## Exercise
Repeat, word for word, each of the records shown below, without their pictures.

Image-caption web data
BEGIN

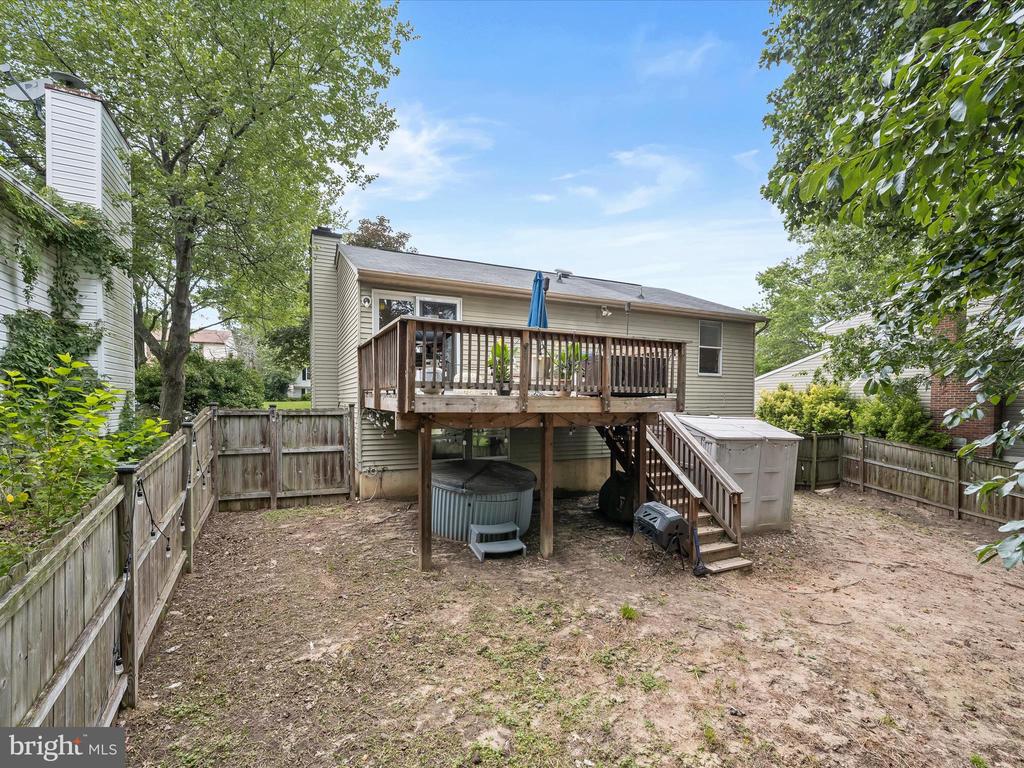 7855 MAYFIELD AVE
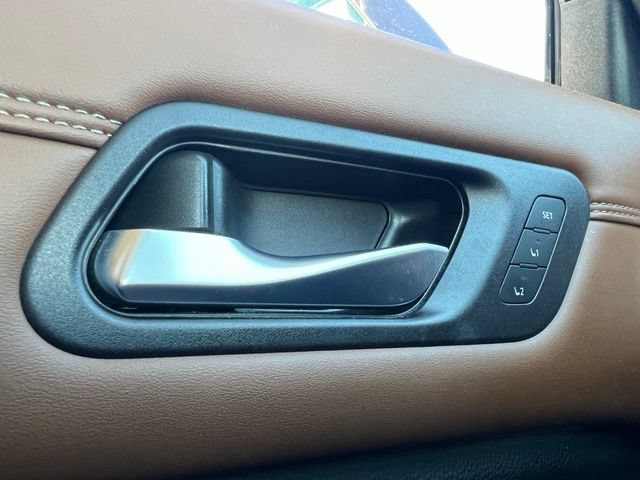 Used 2023 Nissan Pathfinder Platinum w/ Lighting Package (N93) FWD image 25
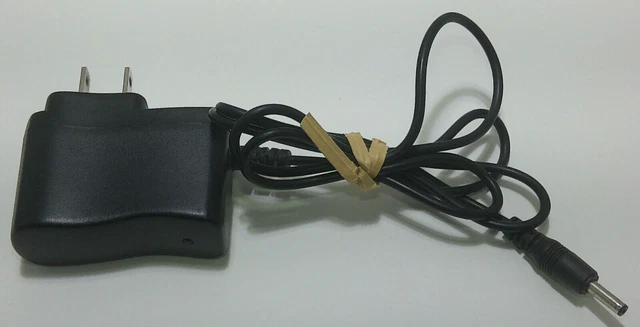 AC/DC ADAPTER MODEL DPT009-A IC INPUT 110-240V 50/60Hz 150mA OUTPUT DC.5V=1000mA
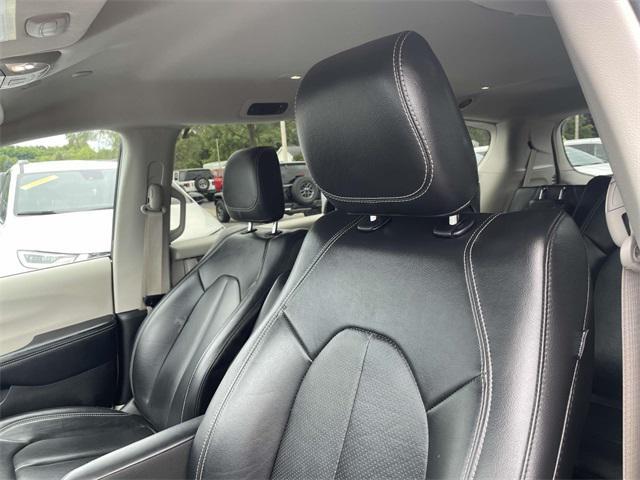 2022 chrysler pacifica hybrid touring l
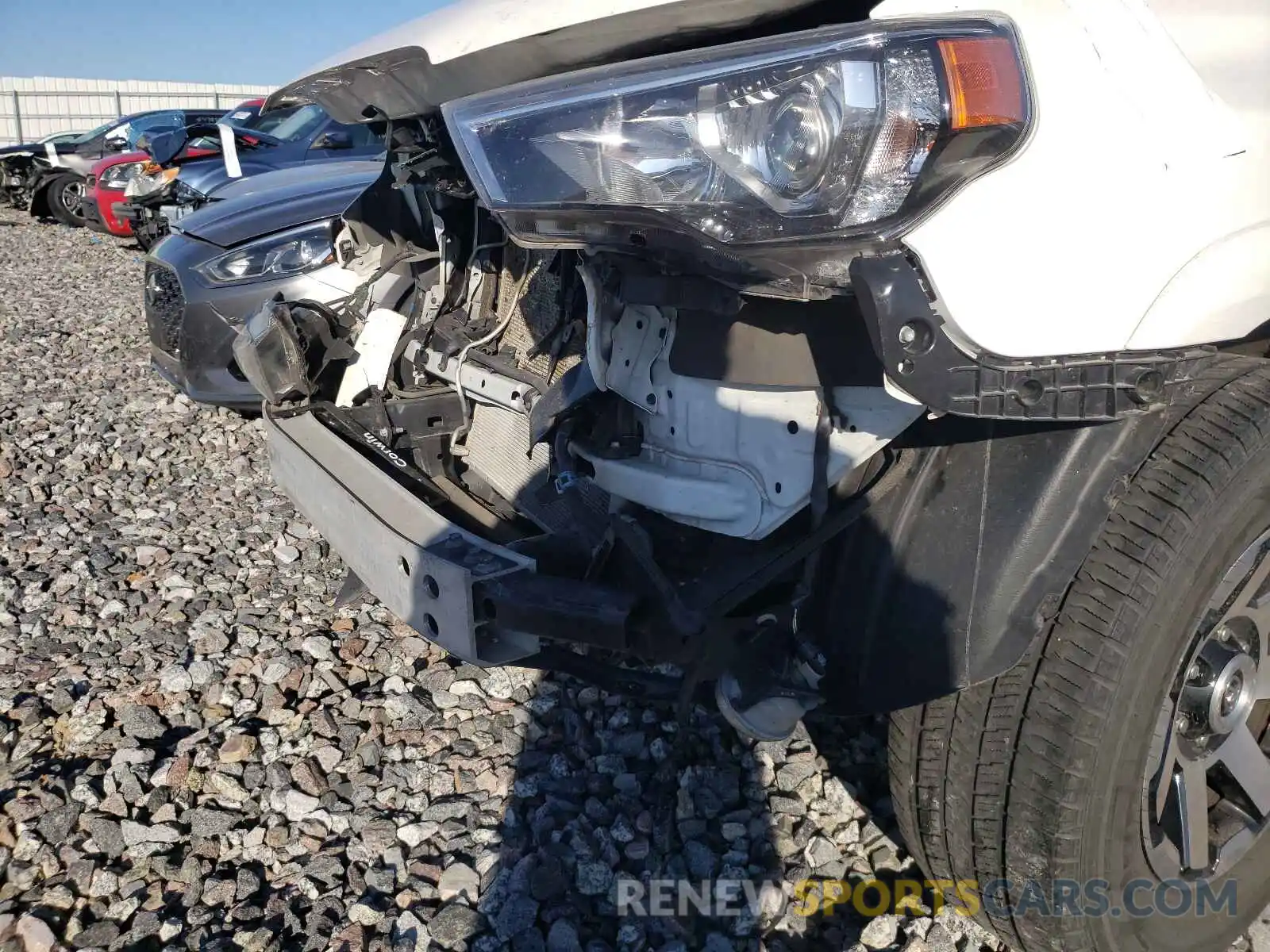 10 Photograph of a damaged car JTEBU5JR3K5649073 TOYOTA 4RUNNER 2019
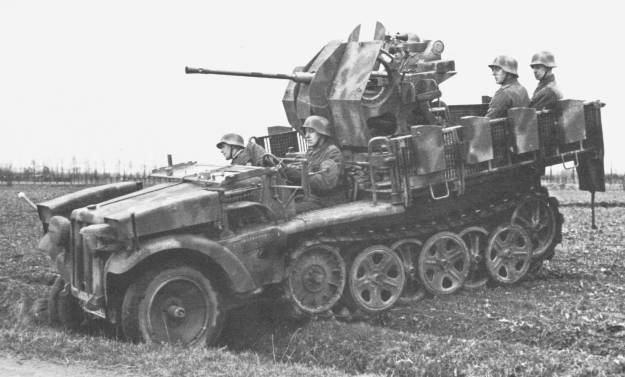 sdkfz10_4.jpg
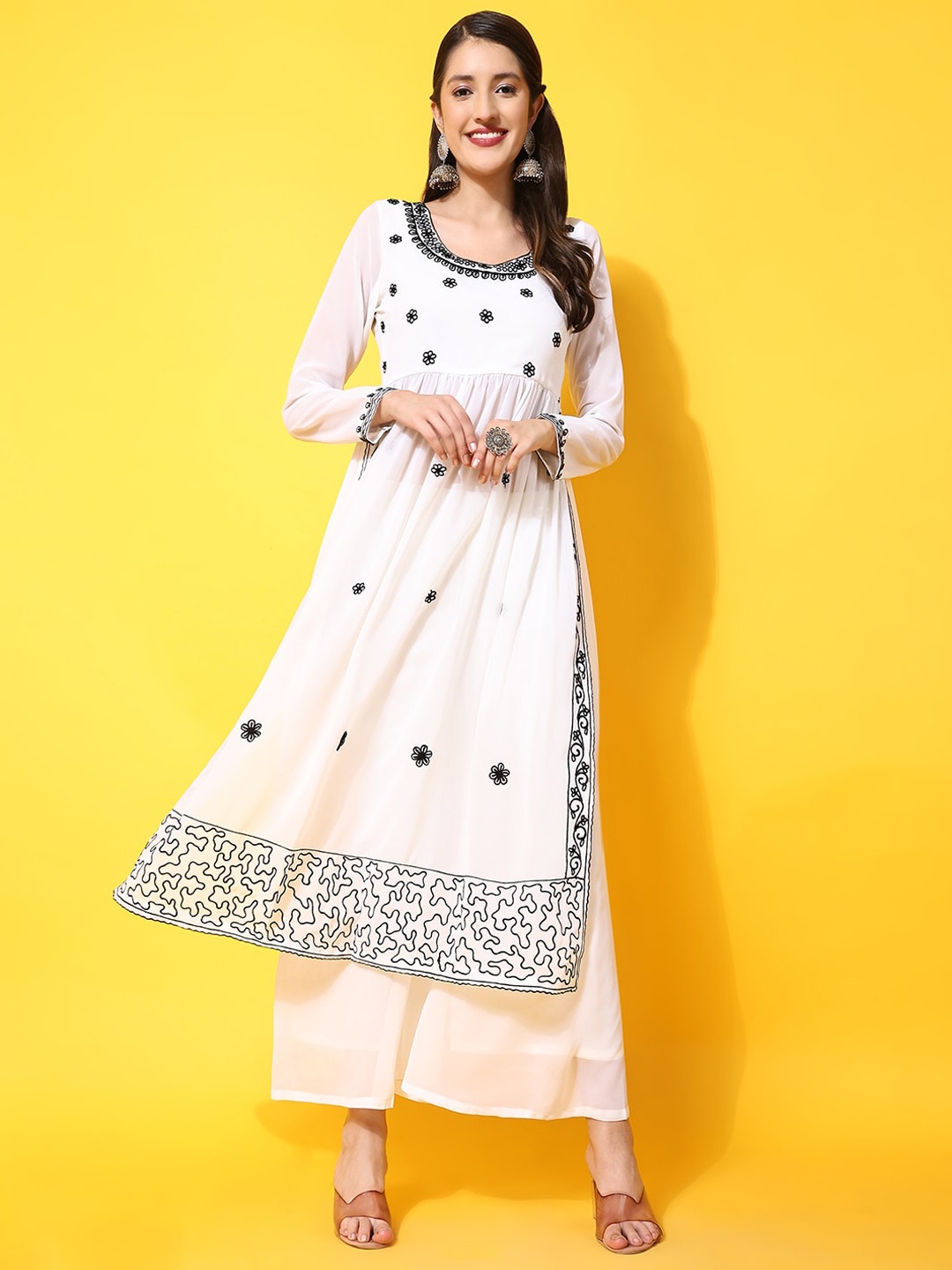 

Poshak Hub Floral Embroidered Layered Thread Work Georgette Kurta with Palazzos, Off white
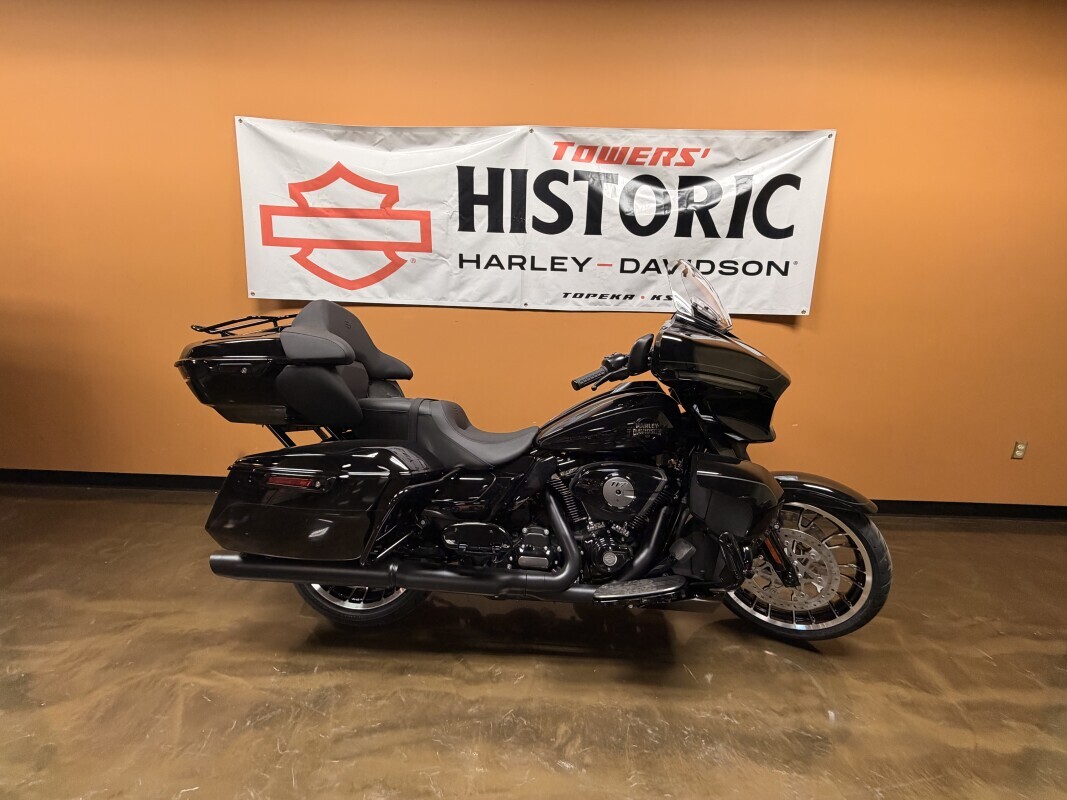 2026 Harley-Davidson Street Glide Limited LIMITED in Winterville, NC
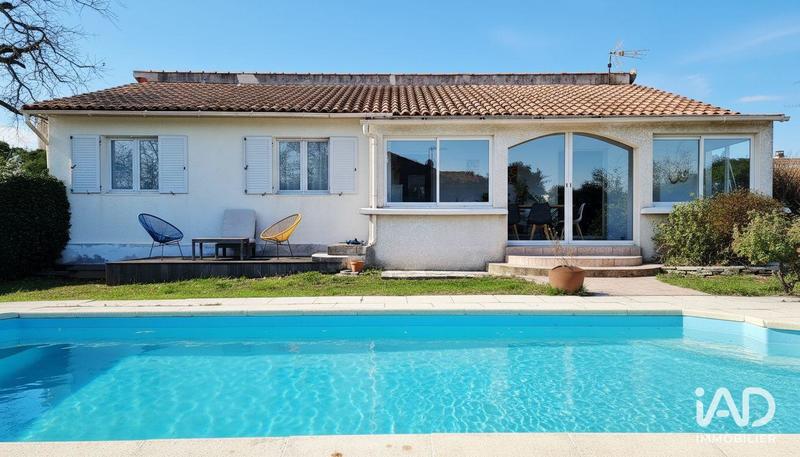 Maison - 90 m² - 5 pièces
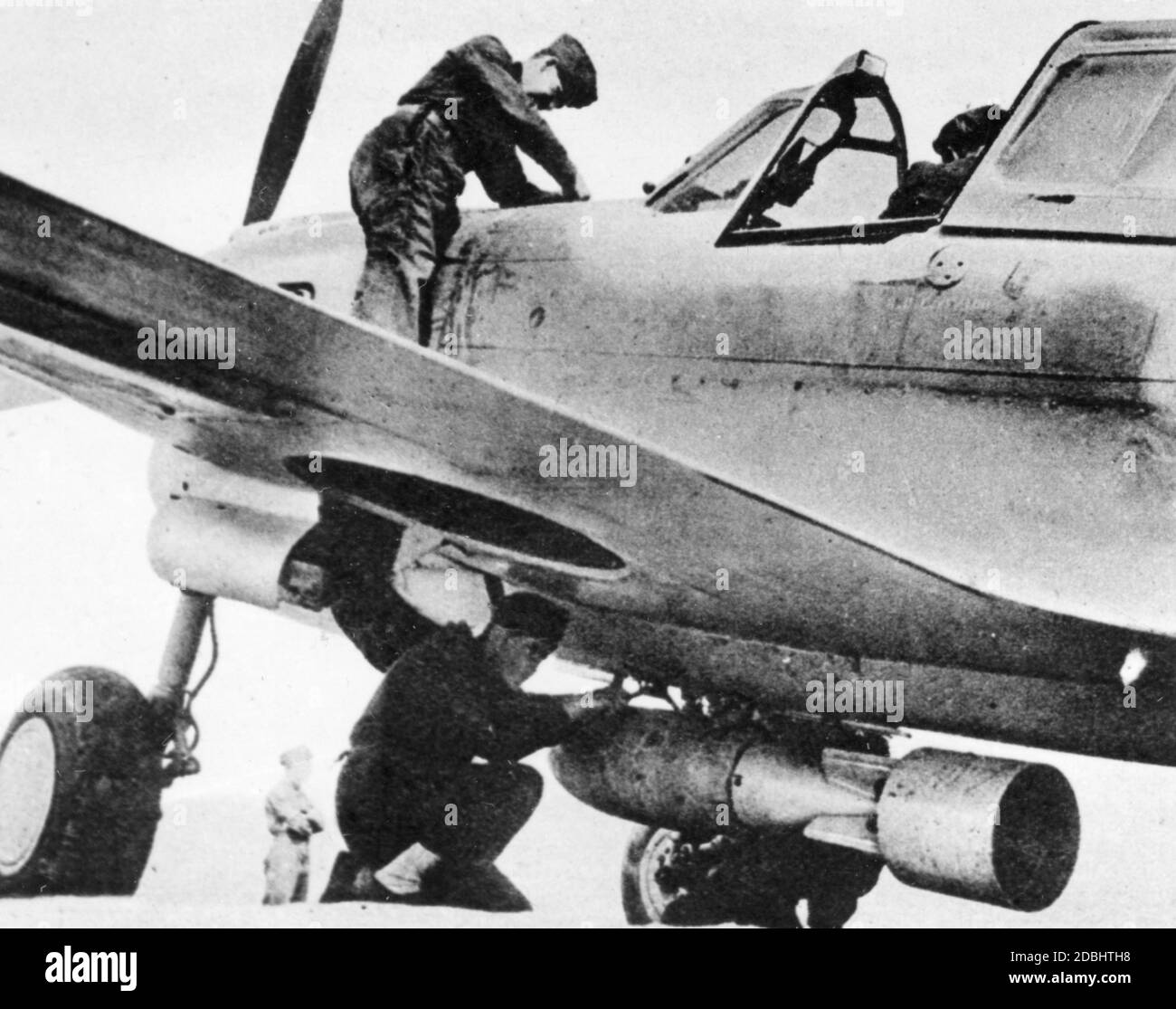 « un soldat monte une bombe sur un Curtiss P-40 ''Kittihawk'' des États-Unis, qui vole des missions en Afrique sous l'emblème anglais. (photo non datée)' Banque D'Images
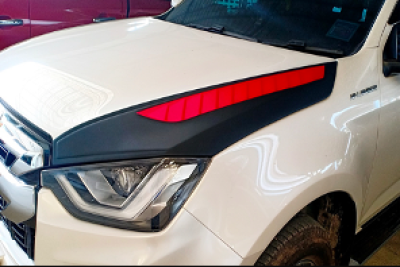 27 Bonnet Scoop 2 psc MU-X 21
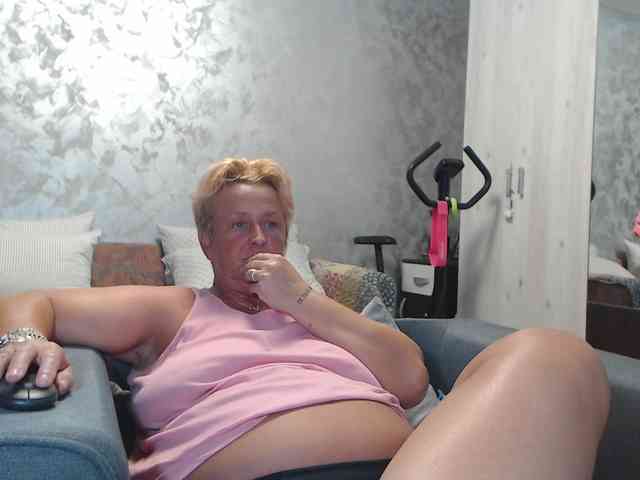 LovePinkLilli webcam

END

## Result for this exercise
 7855 MAYFIELD AVE
 Used 2023 Nissan Pathfinder Platinum w/ Lighting Package (N93) FWD image 25
 AC/DC ADAPTER MODEL DPT009-A IC INPUT 110-240V 50/60Hz 150mA OUTPUT DC.5V=1000mA
 2022 chrysler pacifica hybrid touring l
 10 Photograph of a damaged car JTEBU5JR3K5649073 TOYOTA 4RUNNER 2019
 sdkfz10_4.jpg

Poshak Hub Floral Embroidered Layered Thread Work Georgette Kurta with Palazzos, Off white
 2026 Harley-Davidson Street Glide Limited LIMITED in Winterville, NC
 Maison - 90 m² - 5 pièces
 « un soldat monte une bombe sur un Curtiss P-40 ''Kittihawk'' des États-Unis, qui vole des missions en Afrique sous l'emblème anglais. (photo non datée)' Banque D'Images
 27 Bonnet Scoop 2 psc MU-X 21
 LovePinkLilli webcam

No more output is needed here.